* **Work instructions**
The data that follows is to be copied exactly, with each image removed.
+++ Data section +++
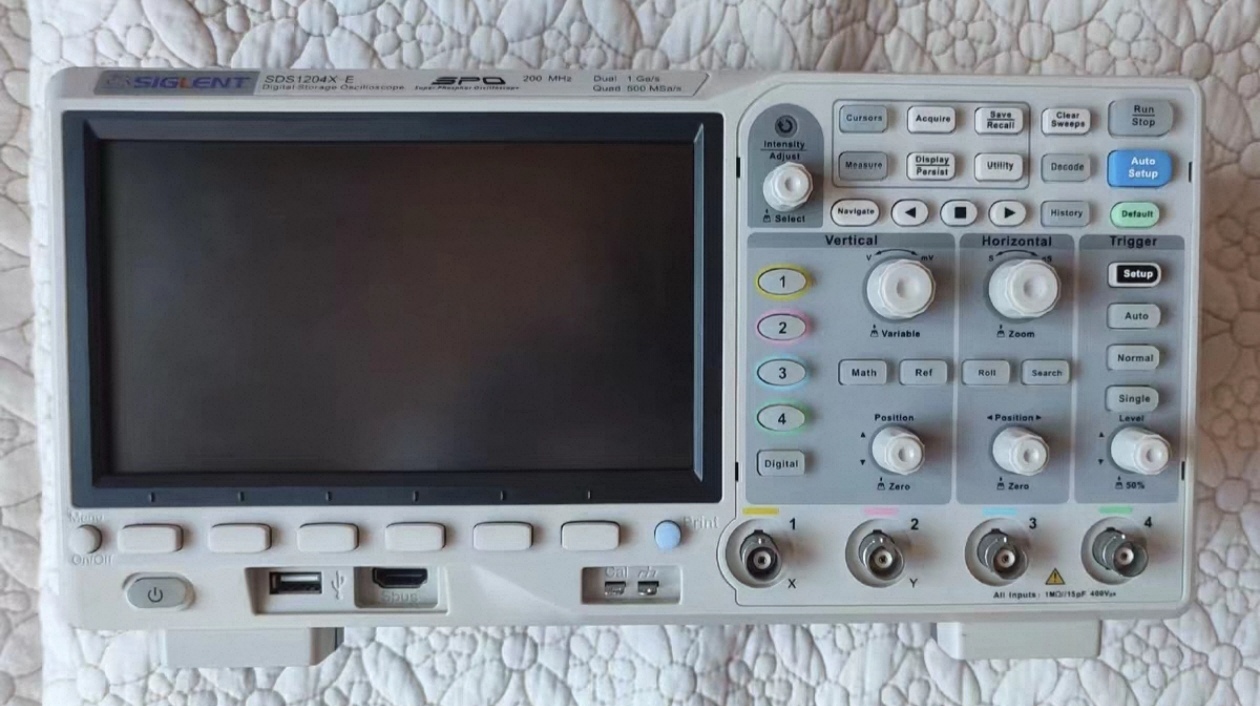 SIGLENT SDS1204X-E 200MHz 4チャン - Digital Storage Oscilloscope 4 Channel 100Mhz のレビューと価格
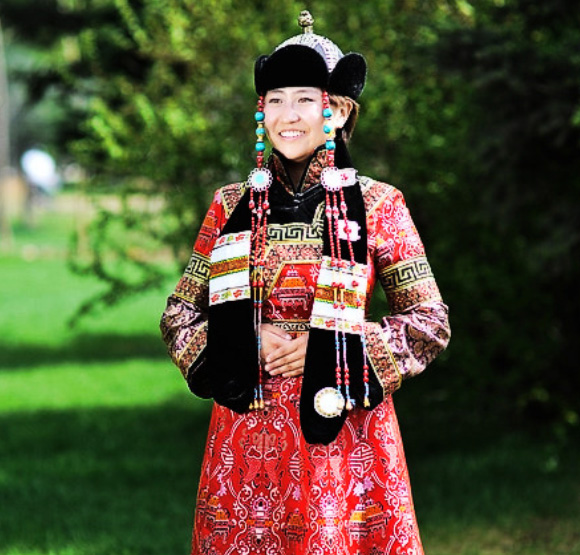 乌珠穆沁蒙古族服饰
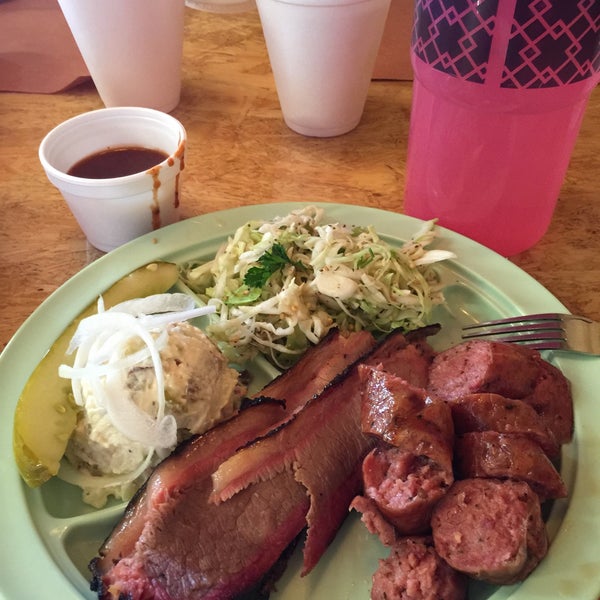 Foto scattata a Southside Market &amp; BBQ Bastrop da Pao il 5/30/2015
+++
* **Answer box**
 SIGLENT SDS1204X-E 200MHz 4チャン - Digital Storage Oscilloscope 4 Channel 100Mhz のレビューと価格
 乌珠穆沁蒙古族服饰
 Foto scattata a Southside Market &amp; BBQ Bastrop da Pao il 5/30/2015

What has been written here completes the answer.